The story is about a joyful girl. She is happy partly because she likes her own life (friends, sports, her own family) and partly because her parents, who love her dearly, are always expecting her to smile.
Just like with everyone, there are many more emotions residing inside her, however not all of them are deserved the same space. Sadness, above all, is relegated to the role of the party pooper, treated benevolently, but, in actual facts, neglected and misunderstood. At a certain point, however, something changes in this girl’s life: some events scare and disorient her. A relocation, her father’s problems at work, her old friends who are far away while new ones look “impossible” to be made.
The girls begins her painful and risky growing path. The movie shows her inner world; emotions are represented as characters who talk and make decisions. However, whatever the emotions try to do inside her only creates further problems: simply because happiness, anger, disgust and fear are not equipped wth the right instruments to face the situation.
They work hard but all they do is mess things up. The little girl runs away from home, she does’t recognize herself in the mirror anymore, her certainties are shattered.

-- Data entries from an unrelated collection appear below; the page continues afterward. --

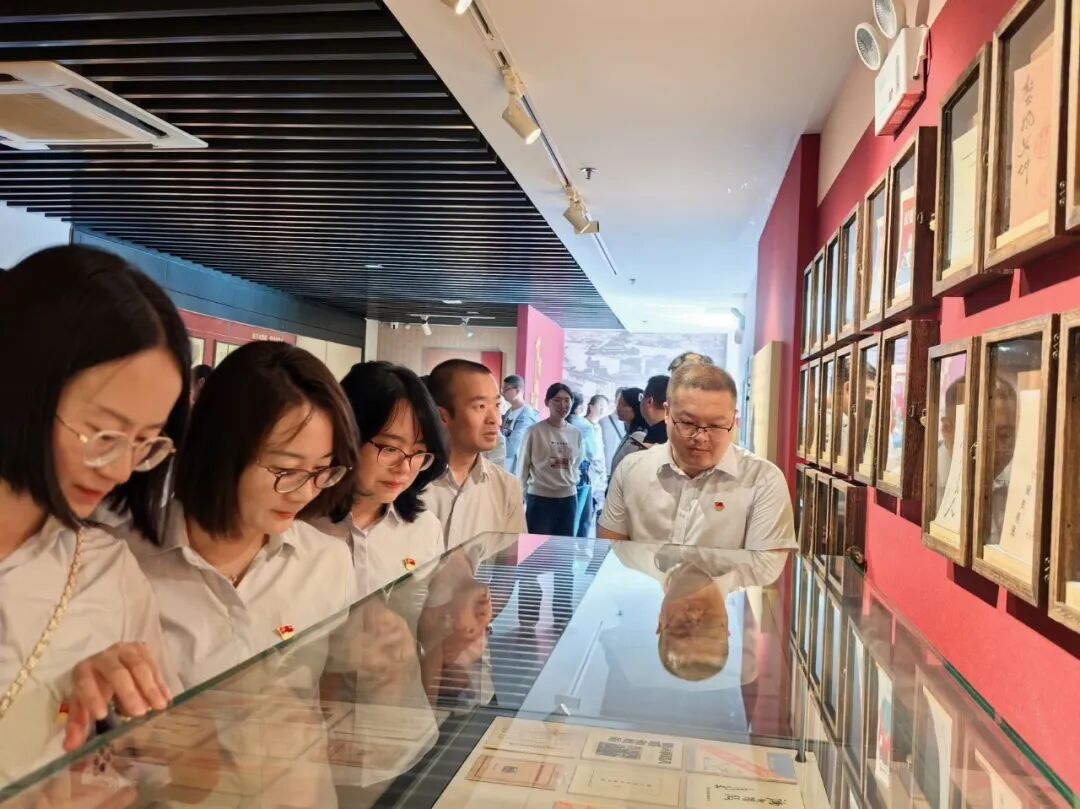 ff8080819854dc5a681019902c075da74e4 图片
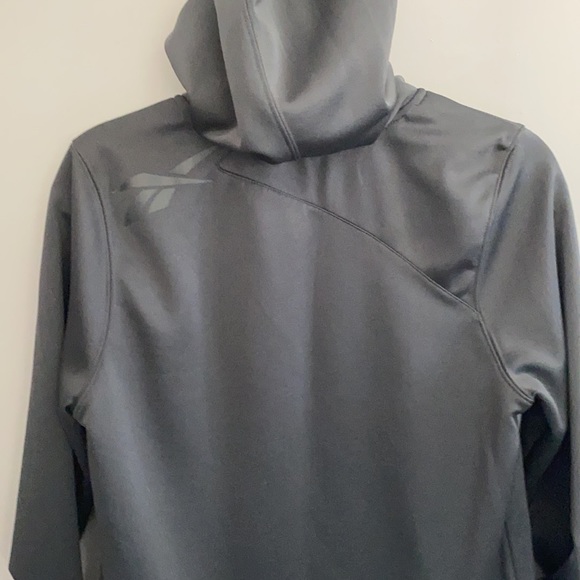 Reebok Fill zip Hoodie EUC - Picture 9 of 11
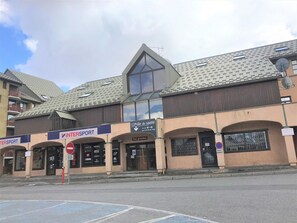 Exterior - Duplex apartment for 8 people with terrace and modern amenities in La Joue du Loup (La Joue du Loup)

Sadness is shy and clumsy, she is not used to take the floor, to “lead”. Everything she does is seen as a mistake. The story changes only when this emotion allows herself to exist.
The girl discovers the value of a teardrop, the desire of being reassured, the possibility of understanding the suffering of others and of asking for help. She misses her parents and shows them her frailty, allowing them to get closer to her and to love her in a new way.
In a sad moment, we can be with our sadness. Growing fond of one emotion only (even when it is as “wonderful” as happiness) limits our possibility of expression, understanding and evolution.
As parents, it is not easy to accept our child(ren)’s sadness, I know it very well. Likewise, as colleagues or managers we would like to be surrounded only by happy people. However, learning to embrace what is there and not just what we want is the only way of getting through the difficult times. Listening openly to our and others’ emotions and giving them dignity is the skill that lays at the basis of our empathy, one we can (and should) all be training.
I wrote this post in honor of Antonio, someone I met moths ago during a workshop. He gave me his tie just because I liked it. Now Antonio is no longer with us and I would like to thank him for what he has – and still is – giving me. His smile, his generosity and openness were like open doors that allowed me to know and appreciate him.
Sadness is, inside me, a way to cherish his memory, see it evolve and get free of pain little by little, to the point that it is just bright and golden. I still have that tie and I think I am going to wear it tomorrow.